- [Exercise directions] Copying rule for the data below: pictures stay out, and only the lines from the one with "High Neck Windbreaker" down to the one with "R1 05-12 Acura RL Front Ceramic Brake Pads", inclusive, are repeated exactly.

- [Material for this task]
____

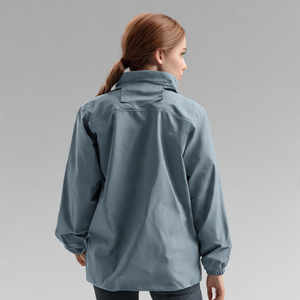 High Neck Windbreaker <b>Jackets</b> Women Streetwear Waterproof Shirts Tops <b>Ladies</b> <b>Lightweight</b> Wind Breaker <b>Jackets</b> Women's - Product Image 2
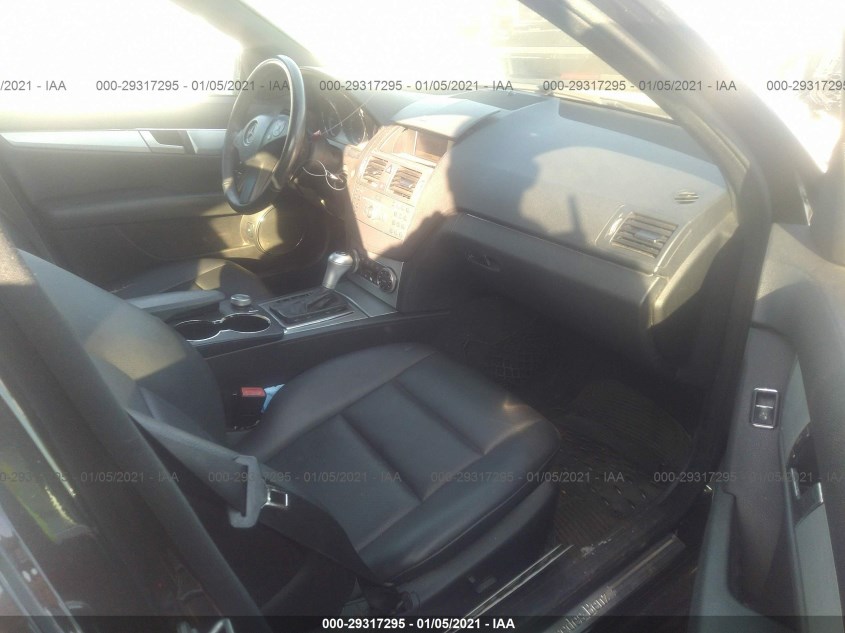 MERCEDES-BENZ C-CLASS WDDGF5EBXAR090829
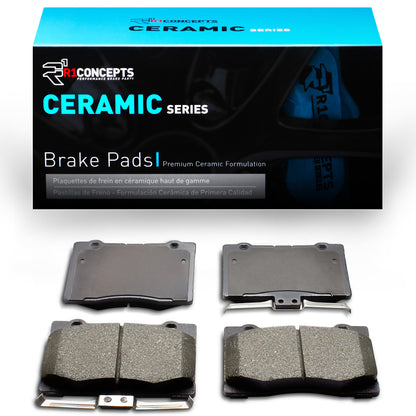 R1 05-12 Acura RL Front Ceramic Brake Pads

____

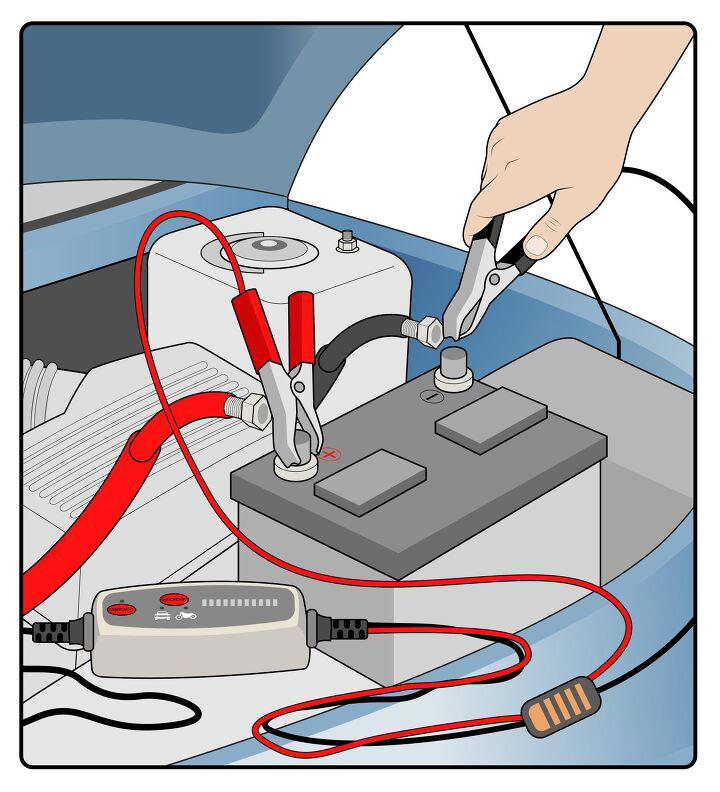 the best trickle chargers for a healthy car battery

____

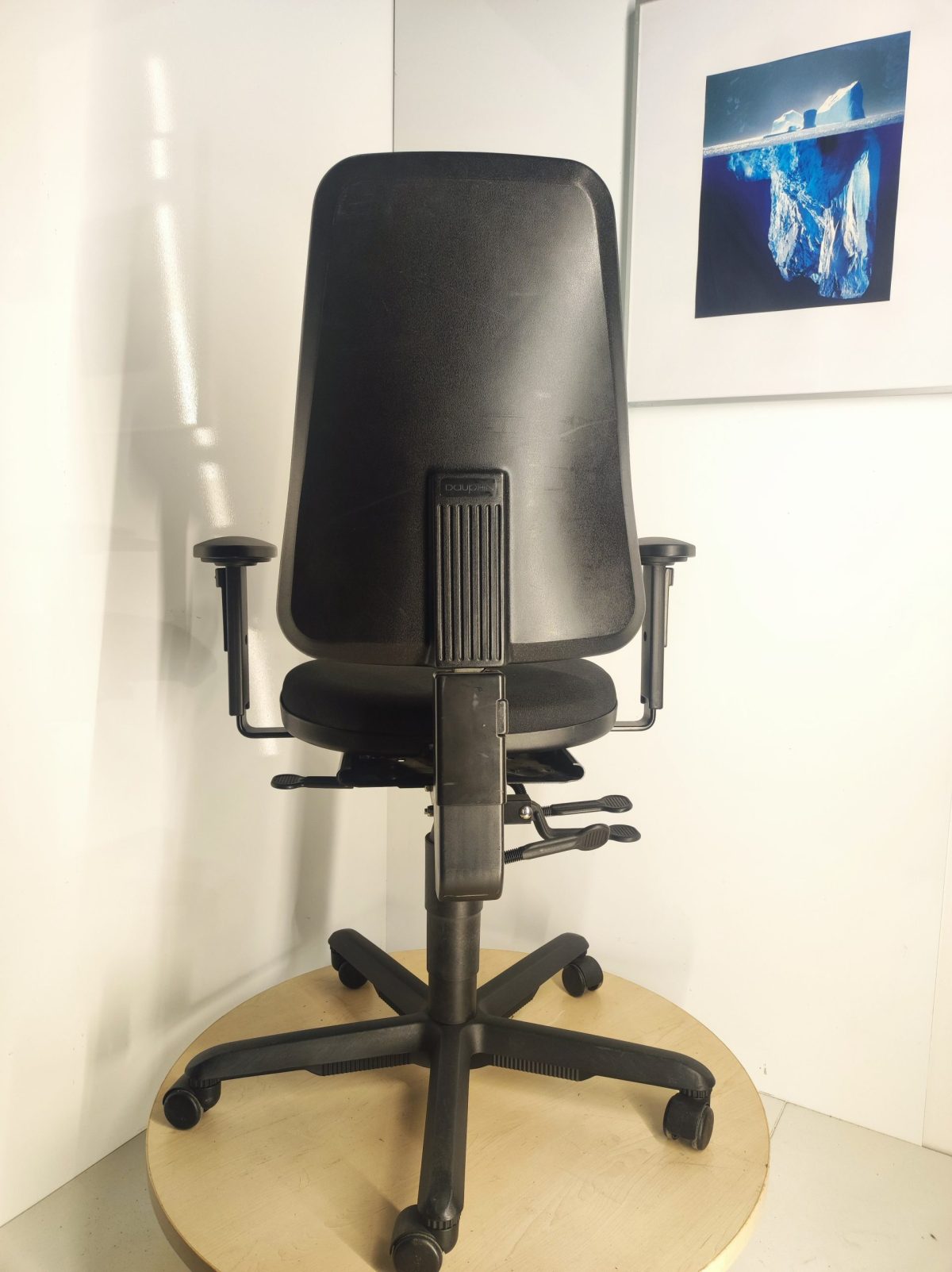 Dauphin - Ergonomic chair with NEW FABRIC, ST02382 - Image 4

____

- [Result]
 High Neck Windbreaker <b>Jackets</b> Women Streetwear Waterproof Shirts Tops <b>Ladies</b> <b>Lightweight</b> Wind Breaker <b>Jackets</b> Women's - Product Image 2
 MERCEDES-BENZ C-CLASS WDDGF5EBXAR090829
 R1 05-12 Acura RL Front Ceramic Brake Pads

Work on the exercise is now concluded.